Per porre un freno a questa situazione i grandi colossi dell’e-commerce stanno introducendo delle limitazioni che rendono più complesso il reso gratuito, che in alcuni casi viene addebitato direttamente ai clienti.
Cosa stanno facendo i colossi del web
Colossi del web come Amazon, Abercrombie & Fitch, Anthropologie, J. Crew, H&M e Zara stanno correndo ai ripari. Secondo i dati forniti dalla National Retail Federation, nel 2022 chi ha acquistato pacchi contenenti prodotti ne ha rispedito indietro circa il 17% per un totale di 816 miliardi di dollari.
I rivenditori, secondo la società di servizi Inmar Intelligence, spendono 27 dollari per gestire il reso di un articolo da 100 dollari acquistato sul web. Per questo motivo i rivenditori hanno deciso di stoppare l’addebito sulle commissioni per restituire gli articoli, che secondo il New York Post equivale all’81%.
Secondo un rapporto della società di logistica Happy Returns oltre 4 commercianti su 5 non accettano più la restituzione gratuita. Numeri importanti che fotografano un cambiamento evidente nel mondo degli e-commerce, in costante evoluzione e pronti ad adeguarsi alle nuove dinamiche del mercato.
Cambiamenti importanti ce ne sono nel Regno Unito, dove Zara ha deciso di addebitare 1,95 sterline ai consumatori che decidono di restituire un capo acquistato online. I resi avvengono nei punti di consegna gestiti da terze parti, come ad esempio gli uffici postali. Al momento questa politica sembra esclusa dai negozi fisici, dove per ora i clienti possono restituire i capi acquistati senza addebito. Altre aziende come Asos nel Regno Unito e Uniqlo in Giappone si stanno “convertendo” a queste politiche che tendono ad abolire la restituzione gratuita.
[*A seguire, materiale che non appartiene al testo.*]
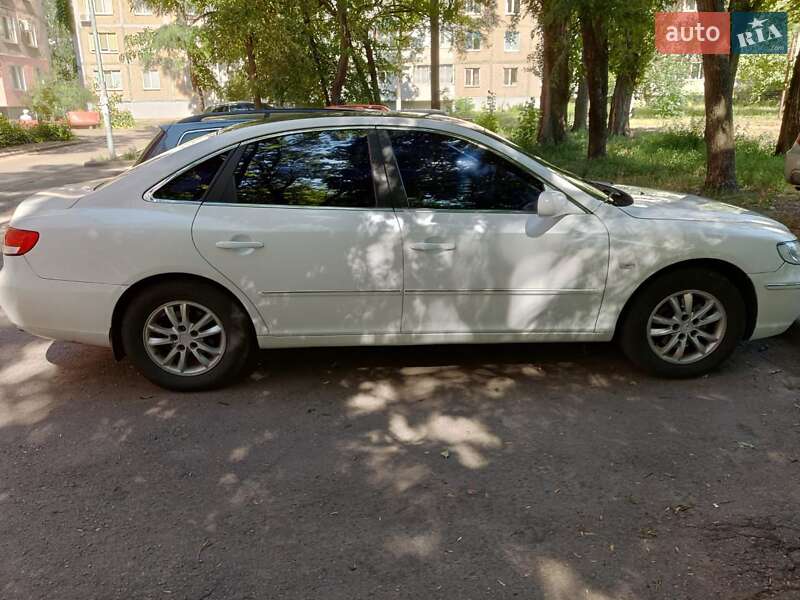 Седан Hyundai Azera 2008 в Черкассах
Reso facile: la situazione in Italia
La situazione sta iniziando a cambiare anche in Italia, dove Abercrombie ha fatto sapere che a partire dal 24 gennaio 2024 la merce si potrà restituire o scambiare solo tramite il corriere selezionato dall’azienda o in un negozio.
Zara, come nel Regno Unito, prevede il reso gratuito solo se il prodotto viene portato in negozio. In alternativa è possibile ricorrere al servizio di ritiro a domicilio di Zara al costo di 4,95 euro che verrà detratto dal rimborso.
Yoox invece non fa mai il reso gratuito, che è a carico del cliente. In caso di cambio invece la cifra da sostenere viene stornata direttamente dal totale del rimborso. La situazione sta dunque cambiando velocemente e ben presto tutti gli e-commerce, piccoli o grandi, potrebbero sospendere definitivamente il servizio di reso gratuito.